A decisão é inconstitucional, porque a propriedade de 315 mil m² (31,5 hectares) estava abandonada, ociosa e, por isso, não cumpria a função social da propriedade. A Constituição Federal não defende direito absoluto à propriedade, mas condiciona o direito de propriedade ao cumprimento da função social, o que exige o cumprimento do que dispõe o texto dos artigos 182 e 183. Também não foram observados os princípios constitucionais do respeito à dignidade da pessoa humana, do direto à moradia, dos princípios republicanos e democráticos. Além disso, a Construtora Modelo deve ao erário milhões em IPTU.
A decisão não considera o grande drama humano envolvido nesse grave conflito social, porque se trata de mais de 5 mil pessoas que devem ter sua dignidade respeitada. Retirar a mãe terra que, hoje, cumpre uma função social acolhendo tanta gente e entregá-la para uma Construtora que visa somente ao lucro é algo imoral.
A decisão é desumana, porque lá na Dandara as famílias são necessitadas. Há centenas de idosos que com suas aposentadorias, e pegando dinheiro emprestado em bancos, ajudaram a construir 800 casas de alvenaria. Por isso estão endividados. A maioria dos idosos da Dandara resgatou a saúde. Dizem sempre: "Dandara me salvou. Antes eu estava com depressão, vivia tomando 8, 10 tipos de remédios. Eu pegava a aposentadoria no banco e deixava na farmácia. Aqui na Dandara, sou outra pessoa. Nasci de novo. Aqui tem paz.

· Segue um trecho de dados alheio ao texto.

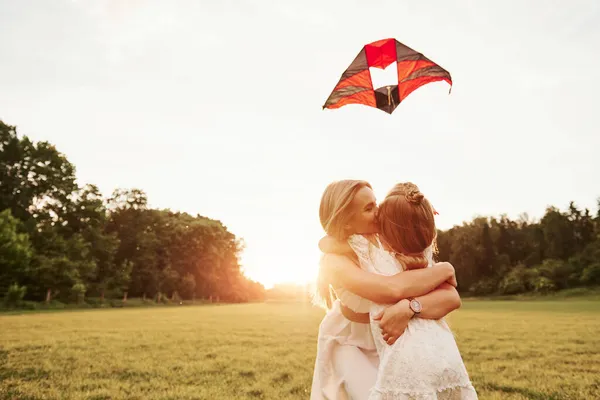 Relax Insieme Madre Figlia Divertono Con Aquilone Sul Campo Bella — Foto Stock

Aqui sou feliz."
Na Rua Nelson Mandela mora dona Elisabeth, 57 anos, com aparência de 65 anos, é gari da SLU. Além de ter um filho deficiente preso, mora numa casa da Dandara com outras 14 pessoas: 5 filhos/as e 9 netos de 3 filhas que se separaram e, sem terem onde morar, voltaram a morar com a mãe.
Há várias famílias como a da Angélica, que tem sete filhos, de 5 meses a 17 anos. Anderson, esposo de Angélica, trabalha como chapa, entregando material de construção - sem ter ainda uma casa para agasalhar com dignidade seus 7 filhos -, ganha 180 reais por semana, enquanto Angélica, em casa, cuida das crianças e borda para ganhar uns trocados. Vivem numa casinha construída com a solidariedade de outros: um pequeno banheiro, cozinha e um quarto, onde dorme Angélica, o esposo e os sete filhos. Angélica, com a voz embargada e com lágrimas nos olhos, desabafa: "Viemos para Dandara, porque fomos despejados de onde a gente morava, porque não conseguimos pagar mais o aluguel. Ser despejado de novo? Não agüento. Sou um ser humano. Não sou de ferro. Nem parente tenho aqui em Belo Horizonte. Minha família é Dandara. Se acabarem com Dandara, eu morrerei também."
Belo Horizonte, MG, Brasil, 13 de outubro de 2011.